Yep, I do this occasionally too. Lately however, I've been making a conscious effort to stop. A few weeks ago I realized I was having a "conversation" with myself about the coffee pot taking too long to brew, and it felt kind of jarring... Since then I've *mostly* stopped it.

And, yes, Lilfly, that hug icon IS kind of odd looking!


----------



## GlueEater (Nov 16, 2006)

It's almost as if I plan out my conversations before they happen. Trying to anticipate conversations before they happen so I'm "prepared". Funny thing is when the situation that I planned for and wrote almost word for word in my head comes up I freeze and am too scared to say it. And it I do say it it's rushed and panicked. So I usually will have to repeat it several times, losing it's genius effect that I created in my mind.


----------



## blank_mind (Feb 14, 2007)

I rarely talk to myself out loud, but i talk to myself in my head all of the time, and i sometimes mouth out the words, but only when i'm by myself. 

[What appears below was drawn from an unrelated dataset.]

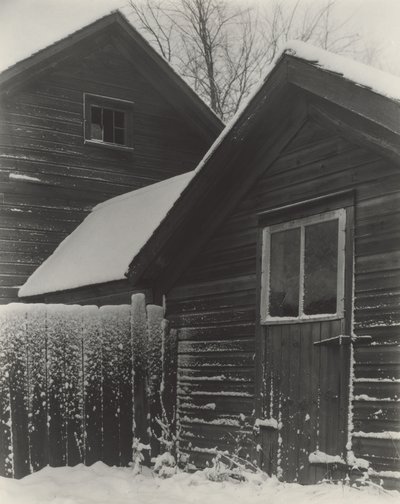 Gyerekek és hó alkotó: Alfred Stieglitz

I also plan out conversations too, like if i start thinking about somebody, then i'll have a conversation with them in my head, even though i know i would never talk to them like that in real life. :sigh


----------



## GlueEater (Nov 16, 2006)

I too mouth the words as I make them up in my head. But sometimes I won't realize it and I'll do it in public, usually walking down the halls.


----------



## Message (Sep 20, 2006)

I do sometimes... but not like a lot of you are saying. There's the usual exclamation by yourself, and then sometimes I'll tell myself outloud how stupid I am, or ugly, or pathetic. It's very sad that I tell myself these things... I only started doing it within the past few months.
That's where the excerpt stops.